The Seattle Times editorial board is never more stupider than when it's instructing courts on how to decide cases:

JUDGE Bruce Heller of King County Superior Court, who threw out Initiative 1053, will not have the last word on the two-thirds rule for taxes. The Washington Supreme Court will have the last word, and it should reach a decision opposite of Heller's.

Wow. Well. If they're going to make such a bold statement, I can only presume they've got an equally bold legal analysis to back it up.

We do not argue that Heller is legally mistaken.

Oh.

The Washington Constitution does not allow an initiative to raise the threshold for passing a law.

Double oh.

Nor does it disallow it.

You gotta fucking be kidding.

Given that the Supreme Court can decide either way, we believe the court should let the people have what they want.

Um... that's not how this legal stuff works. Really.

The state Constitution either does or does not allow an initiative to raise the threshold for passing a law, and it is up to the Supreme Court to interpret the Constitution based on its plain language, the intent of the framers, and established legal precedent, not based on what the justices (or Frank Blethen) think the people do or do not want. The justices have no leeway on this. They do not have the luxury of picking which policy they (or Frank) think is best. That's not the role of the court.

An initiative amounts to a sub-constitutional restraint on the Legislature...

No it doesn't.

It is a kind of trial amendment...

No it isn't!

The initiative process merely grants the people the same power as the legislature to "propose bills, laws, and to enact or reject the same at the polls" by a simple majority vote.

Jesus... have the editors ever read the fucking Constitution? Have they ever even bothered to look up the word "constitution" in the dictionary? Constitutions are supposed to be difficult to amend; otherwise the fundamental principles and protections they embody would carry no more weight than any other law. The extra-constitutional line of reasoning the editors propose is nothing less than a recipe for undermining the rule of law.

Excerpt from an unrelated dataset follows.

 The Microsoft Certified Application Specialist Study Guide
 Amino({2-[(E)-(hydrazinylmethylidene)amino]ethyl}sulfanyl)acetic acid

Honestly, the Seattle Times editorial board is about as qualified to give legal advice as I am to operate on Bruce Ramsey's prostate.

To be clear, when I say that the Constitution does not allow an initiative to raise the threshold for passing a law (and it doesn't), I am not telling the justices how to decide this case. I am predicting how they will decide it based on my own informed analysis and the legal opinion of attorneys I trust.

But what the Seattle Times ed board is attempting to do is totally different. They are attempting to use their op-ed page to persuade elected justices to reinterpret the Constitution based on political expediency—an effort that displays both a lack of understanding of the law, and a lack of regard for it.